Dressed – half-dressed – in a yellow tracksuit top and black shorts, Slowthai looks like a man who’s just got up, because he has (it’s 2.45pm). The Northampton rapper, known for his hard-hitting lyrics, unruly energy and a tendency to remove his trousers while performing, has been engaged in a quieter career duty: the signing of 6,600 promo postcards at three in the morning. He started by drawing a Superman S in his signature: “But it ended up just, ‘Hi. T’.” He waves his sore hand at me.
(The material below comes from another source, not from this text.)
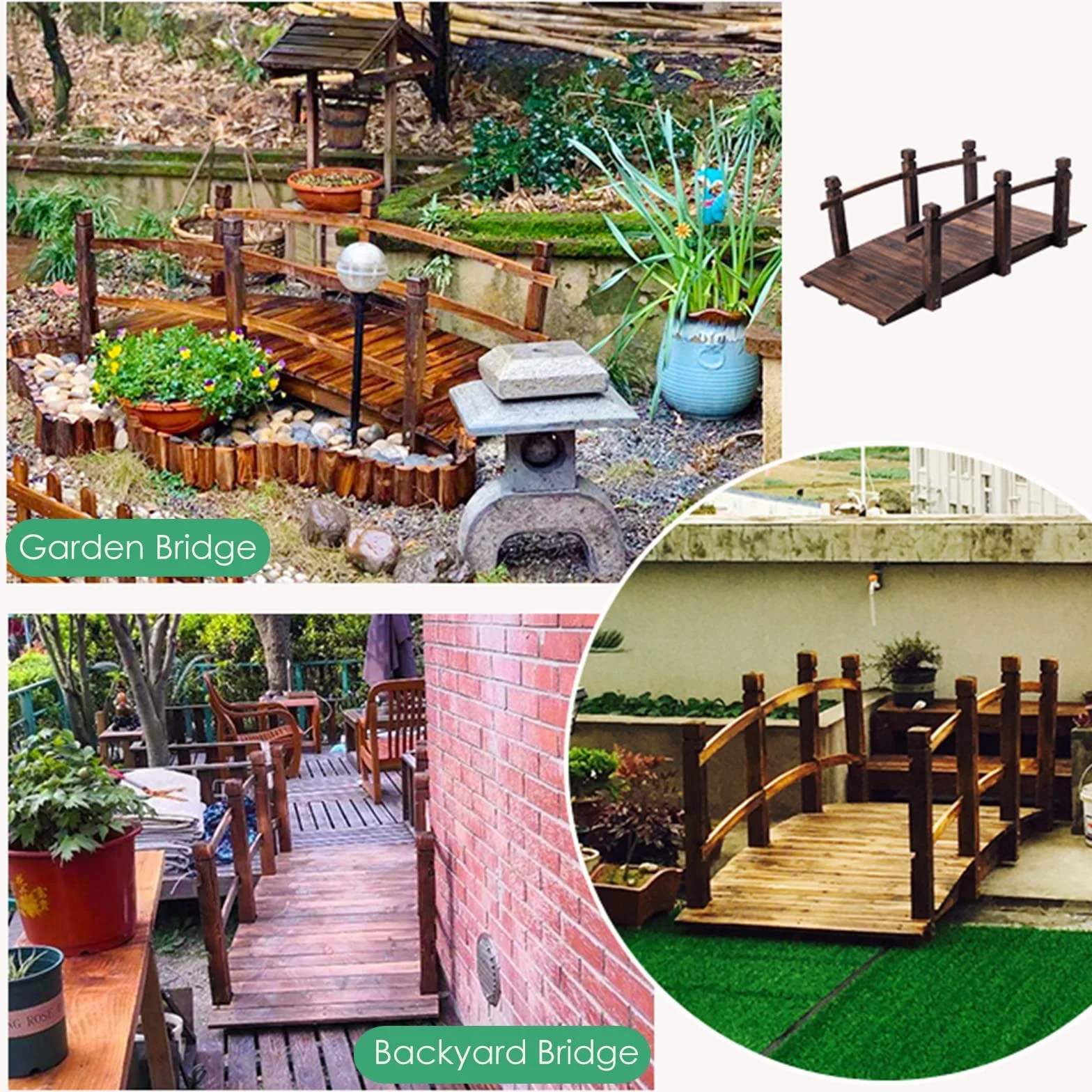 Ponte da giardino in legno per esterni, ruscelli, ponte da giardino ad arco con ringhiere di sicurezza, grande ponte decorativo per laghetto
Despite his tiredness, the 25-year-old’s particular charisma pops through the screen: the cheeky maniac at a club, the one who gets the vibe peaking simply through lairiness. Slowthai is called that because his name is Ty (Tyron Frampton) and he spoke slowly as a kid. But it’s clear his mind is going a mile a minute. His answers to my questions are long and complicated, often philosophical. “I’m always going off on tangents,” he says. “Sorry about that.”
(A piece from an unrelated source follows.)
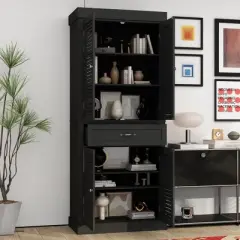 Famapy Wooden Storage Cabinet with 4 Doors in Shutter Finish Design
He’s in his studio, a basement room in the house in Northampton that he shares with his fiancée and his mum, Gaynor. I can see a sofa, covered in piles of folded laundry – “Here’s a Santa suit!” – and shelves with boy bits on: a rubber head of James Brown under a glass dome, a Clockwork Orange Alex statuette. Slowthai has spent a lot of lockdown time in this room and he chats about the audio books he’s been absorbing (Ego Is the Enemy, Akala’s Natives, Sun Tzu’s The Art of War, Carlos Castaneda’s The Teachings of Don Juan), computer games he’s been playing (Fifa, Call of Duty, the new Tony Hawk). He strums on his guitar. “I’ve been trying to learn the Wurlitzer!” he says. Slowthai’s eyes curve like a cartoon when he smiles. He is nearly always smiling.
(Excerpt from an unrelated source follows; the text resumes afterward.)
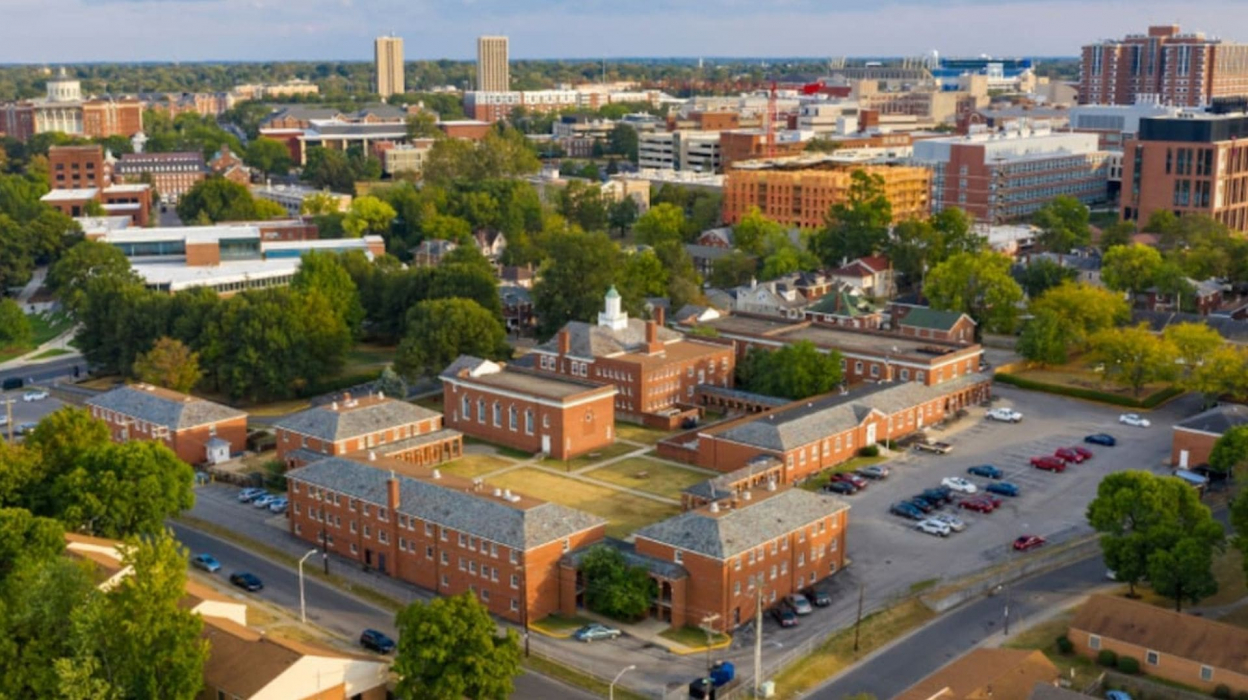 An arial image of Lexington, KY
If you have only come across Slowthai in newspaper headlines, you’re likely to have a limited impression of who he is. His antics can overshadow his talent, reduce him to a columnist’s punch-line. When his(top ten) debut album, Nothing Great About Britain, which somehow married the Streets to the Stooges, with grime as the best man, was nominated for last year’s Mercury prize, he chose to perform live at the awards ceremony while waving the severed head of Boris Johnson (fake). Cue many outraged Daily Mail headlines. This was OK by him. But then, in February of this year, he won another award, the NME hero of the year. During that (extremely messy) ceremony, his energy, as ever, was high: he performed, then crowd-surfed and mooned the audience, all of which went down well. However, when he tried to be funny with host Katherine Ryan, the joke turned sour and sexually explicit and some of the crowd turned. A few people threw things at him; he jumped offstage to confront them.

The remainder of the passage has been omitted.